Diógenes fue revolucionario, provocador, irreverente, odiaba la dependencia, por eso no poseía más que lo elemental. Veía en el mundo de su tiempo un problema profundamente moral. La gente en lugar de forjarse a sí misma y hacer su propio juicio sobre el bien y el mal, elegía actuar acorde a lo que los demás opinaban, al “no hago esto porque, ¿qué van a pensar de mí?”. Hasta el último día de su vida peleó contra eso. Sus desplantes son de antología. En alguna ocasión que lo hicieron esclavo lo pusieron a la venta, le preguntaron que qué sabía hacer. Su respuesta fue: “Mandar. ¿Quién quiere comprar un amo?”. O la vivida con Alejandro Magno, que en su visita a Sinope quiso conocer al hombre más famoso de la ciudad. Lo encontró tirado tomando el sol y le preguntó si deseaba algo. La respuesta del filósofo fue: “Que te muevas porque me estás tapando el sol”. Y otra ocasión, en la que encontró a Diógenes examinando un montón de huesos. ¿Qué haces, Diógenes? “Busco los huesos de tu padre, pero no puedo distinguirlos de los de un esclavo”. “Si no fuera yo”, dijo el conquistador, “elegiría ser Diógenes”. Hay otra que es fenomenal. Alguien le dejó un candil al lado de la tinaja en que dormía, para que pudiera ver en la oscuridad. Diógenes, que no quería más nada, la usó para caminar en la Atenas nocturna, gritando a voz en cuello que buscaba “un hombre justo”.

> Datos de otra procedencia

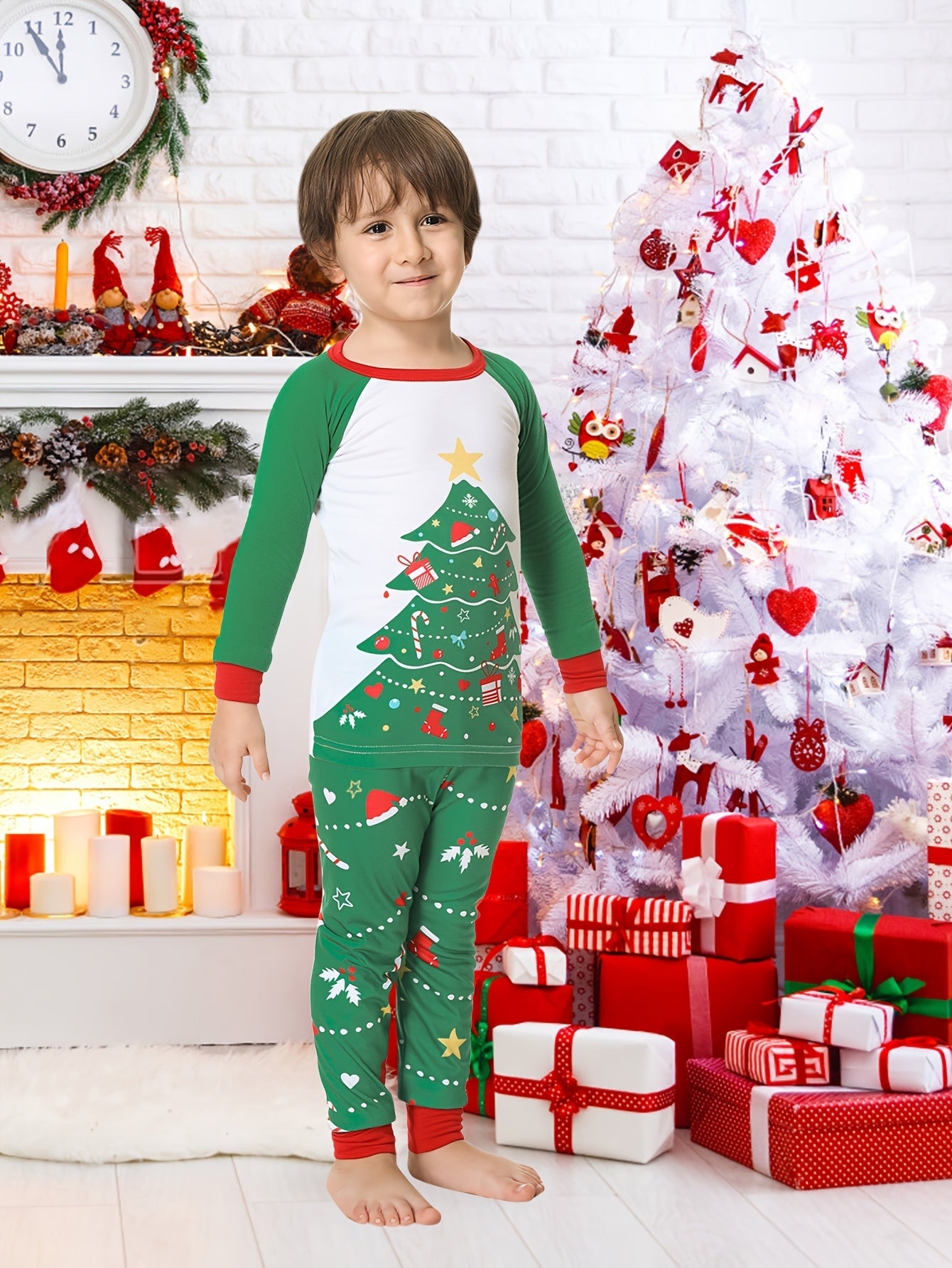 Rodzinny Zestaw Piżam Unisex – Wygodny Nadruk Choinki dla Świątecznego Relaksu 2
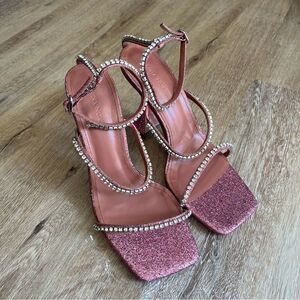 AMINA MUADDI
Gilda Crystal Glitter Sandals Barbie Pink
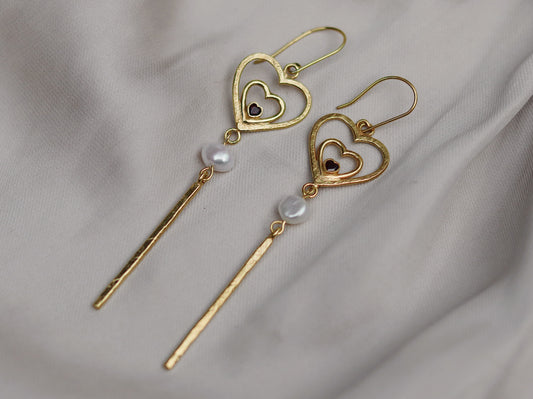 Amor Earrings with Garnet and Pearl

Una noche se fue a sentar a la salida del teatro queriendo entrar cuando todos salían. Esto causó molestia y ante los reproches, les espetó: “Así sentirán en su propia piel lo que es vivir de la manera que yo lo hago”. Y la última, porque no tengo más espacio, Aristipo era lo que hoy llamaríamos un lambiscón, de esos que abundan en el servicio público, Diógenes estaba comiendo unas hojuelas de avena, y se le ocurrió decirle burlón que podría dejar de comer ese alimento si aprendiera a adular a ciertos “prohombres” y he aquí la respuesta: “Si tú comieras avena, también podrías dejar de adular y mendigar”. Me conmueve y admiro la congruencia de Diógenes. Hay actitudes y conductas con las que no congenio, pero su CONGRUENCIA, SÍ.
Diógenes, hoy, seguiría buscando al hombre probo con su linterna y se toparía con la oscuridad de la superficialidad y la soberbia, con la falta de arrestos para luchar contra lo que no se está de acuerdo y con un vacío interior que pesa como lastre. Entre los políticos habría un montón para escupirles la cara, y callaría sin alterarse a la corte de Aristipos ante los que genuflexionan. Caería en cuenta de la escasez de hombres de la talla de Alejandro Magno, pero eso no lo arredraría para seguir luchando contra las plagas que han doblegado al hombre.